WHAT IS EXPECTED: Pictures stay out; everything else in the records below is copied exactly.

──────── EXERCISE DATA ────────

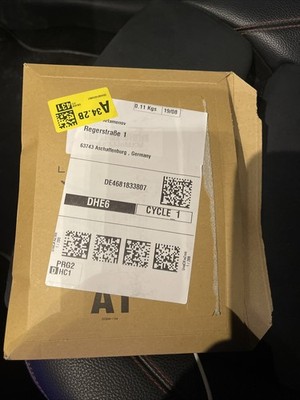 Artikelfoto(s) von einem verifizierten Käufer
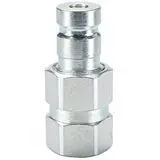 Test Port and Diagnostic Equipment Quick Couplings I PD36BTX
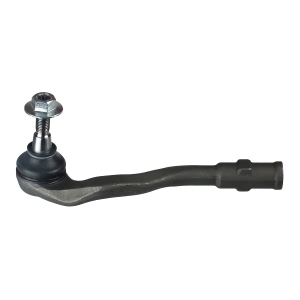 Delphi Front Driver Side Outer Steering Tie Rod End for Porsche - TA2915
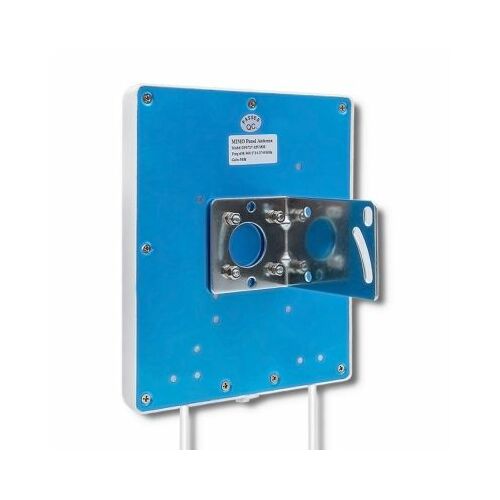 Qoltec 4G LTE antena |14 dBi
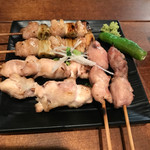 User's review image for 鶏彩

────────

EXERCISE RESULT:
 Artikelfoto(s) von einem verifizierten Käufer
 Test Port and Diagnostic Equipment Quick Couplings I PD36BTX
 Delphi Front Driver Side Outer Steering Tie Rod End for Porsche - TA2915
 Qoltec 4G LTE antena |14 dBi
 User's review image for 鶏彩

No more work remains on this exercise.